Comparing Checkpoint Mechanisms

See Charlie Landau’s The Checkpoint Mechanism in KeyKOS for an extensive description of how Keykos takes checkpoints. In this note I only want to contrast the Keykos mechanism with what is available in certain other systems such as Windows or Unix. See Design Evolution of the EROS Single-Level Store for a detailed description of a later design for EROS.

I have seen systems running Windows and I think Unix that were able to write RAM to disk anticipating an orderly shutdown. This seems to be a useful feature and I want to contrast it to the Keykos system. I assume that the data that is written to disk is merely a bit-for-bit version of what is in RAM. I would welcome any correction here. This is a simple addition to almost any operating system.

In Keykos RAM is merely a cache for pages and nodes each of which have assigned disk locations. The checkpoint merely assures that a consistent snap-shot of the entirety of pages and nodes will always be available even in the advent of any common error condition such as power failure. Keykos holds recently used pages and nodes in RAM and also keeps information derived from them in RAM to make its operations system functions efficient. Whenever this derived information is mutable the pages or nodes are either updated synchronously, or when a checkpoint is taken or the page or node must be swapped out.
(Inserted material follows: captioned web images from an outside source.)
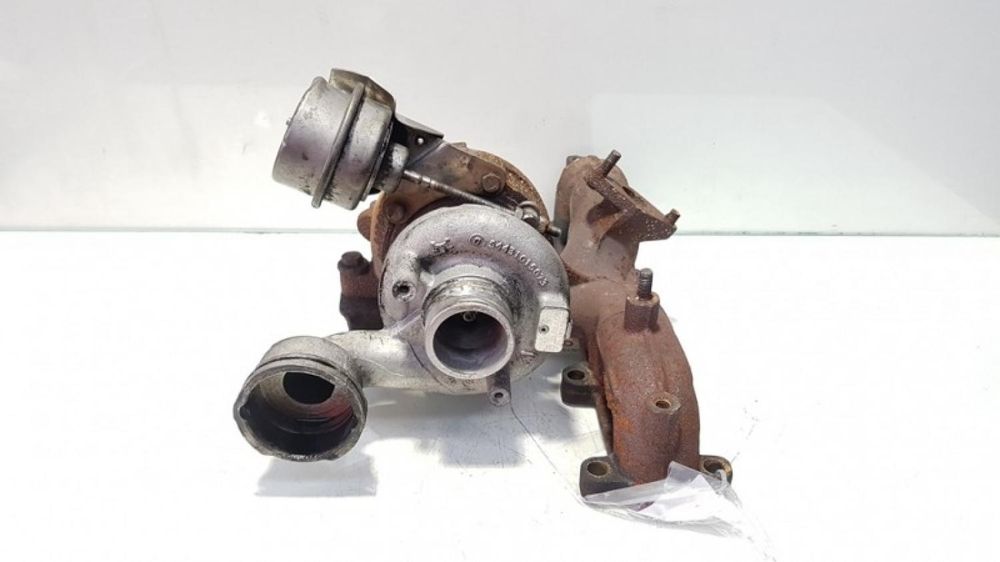 Turbosuflanta, Vw Golf 4 (1J1), 1.9 tdi, AXR, 038253016J Volkswagen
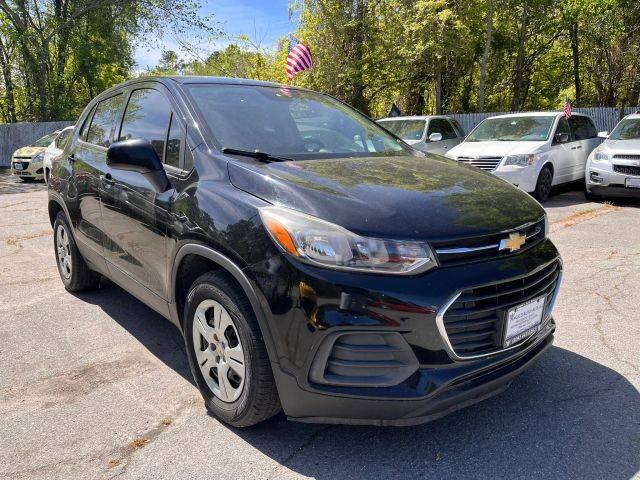 2017 Chevrolet Trax LS FWD photo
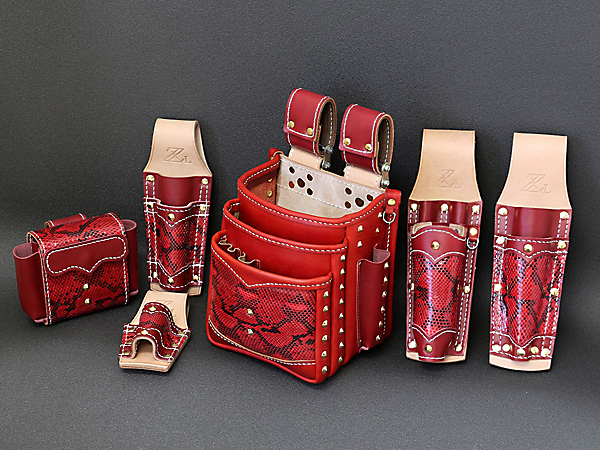 New Stage - セミオーダー腰袋etc．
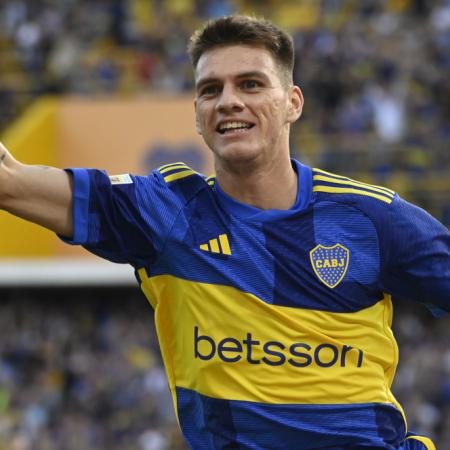 Kevin Zenón deja Boca y firma con Atlas de México: la millonaria cifra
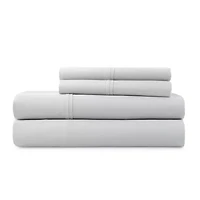 Linden Street 300tc Naturally Soft Organic Cotton Sheet Set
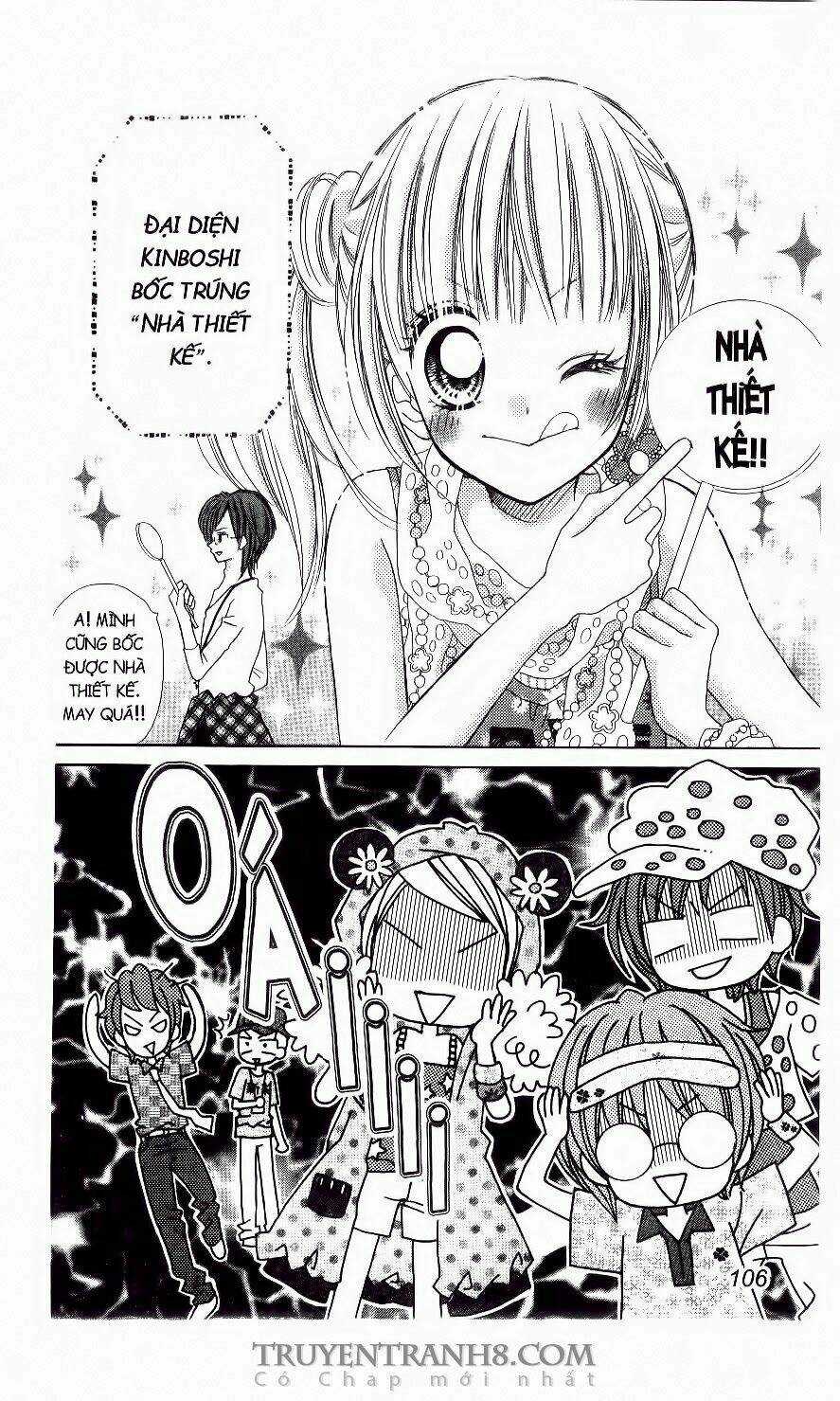 Tiệm Thời Trang - Chapter 20 - Trang 6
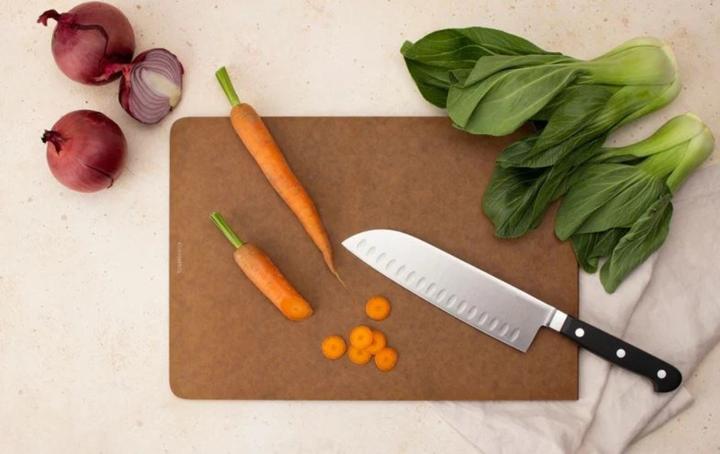 Image du produit Continenta Planche à découper avec rainure à jus Duracore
A fundamental difference is that Windows or Unix may sometimes be unable to fulfill some request by an application because of exhaustion of RAM. This follows from the fact that certain kinds of system state may only be represented in data structures that are stored only in real RAM. Schemes to keep such data in virtual memory that is available to the kernel are particularly prone to real time failures where the kernel must take a page fault while serving application A, due to RAM pressure caused by application B. Such page faults are liable to interfere with overlapping compute with disk IO.

Keykos took much inspiration from processor design including the design of caches. I have never heard of a hardware cache design that would cause faults due to insufficient cache space. Keykos maintained that property partly by borrowing and extending various hardware cache ideas. I suspect that the Windows checkpoint mechanism does not mitigate hard failures upon RAM exhaustion.